Location
- H.V.P. Mandal Amravati Vidharbha Amravati, India, Maharashtra, 444 605 India
- Coordinates: 20°55′36.0966″N 77°44′26.9988″E﻿ / ﻿20.926693500°N 77.740833000°E

Information
- Religious affiliation: Hindu
- Established: 1914
- Founder: Anant Krishnarao Vaidya Ambadaspant Vaidya
- Status: Registered under Bombay Public Trust Act 1950 and Societies Registration Act 1860
- School district: Amravati
- Area trustee: Dr. S.H. Deshpande
- Specialist: Degree College in Physical Education
- President: Adv.
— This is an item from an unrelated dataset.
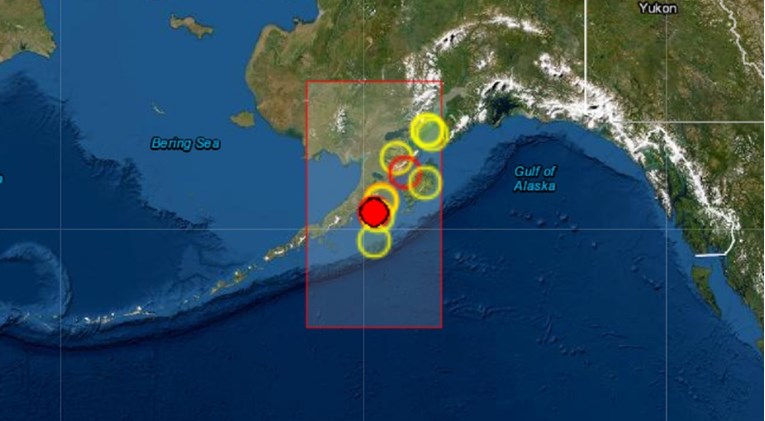 Potres magnitude 6.8 pogodio Aljasku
K. H. Deshpande
- Head of school: Commandant
- Campus size: 12 acres (0.049 km^{2})
- Campus type: Residential
- Slogan: आगे बढ़ो सबसे आगे बढ़ो !
- Song: NATIONAL ANTHEM OF INDIA
- Sports: Hockey, shooting, boxing, Football, Basketball, Volleyball, Horse Riding, Swimming, Handball etc.
- Accreditation: Sant Gadge Baba Amravati University
- Publication: Jotirmay (Annual magazine) Jyot (Weekly news paper) Sanstha Samachar (Annual report)
- Affiliation: Sant Gadge Baba Amravati University
- Website: http://www.hvpm.org/

= Hanuman Vyayam Prasarak Mandal =

Popularly known as HVPM, this is a premier institute in India for physical training. It was set up by Mr Anant Vaidya and Mr Ambadas Vaidya around 1914. Earlier it was referred as Hanuman Akhada. Many political leaders and freedom fighters have visited HVPM. It is said that Shivaram Rajguru studied at HVPM. During his hideout Chandrashekhar Azad also stayed here for few days. The HVPM demonstrated traditional Indian sports at the 1936 Olympics. The institution also has an engineering college in its campus run under the same management committee.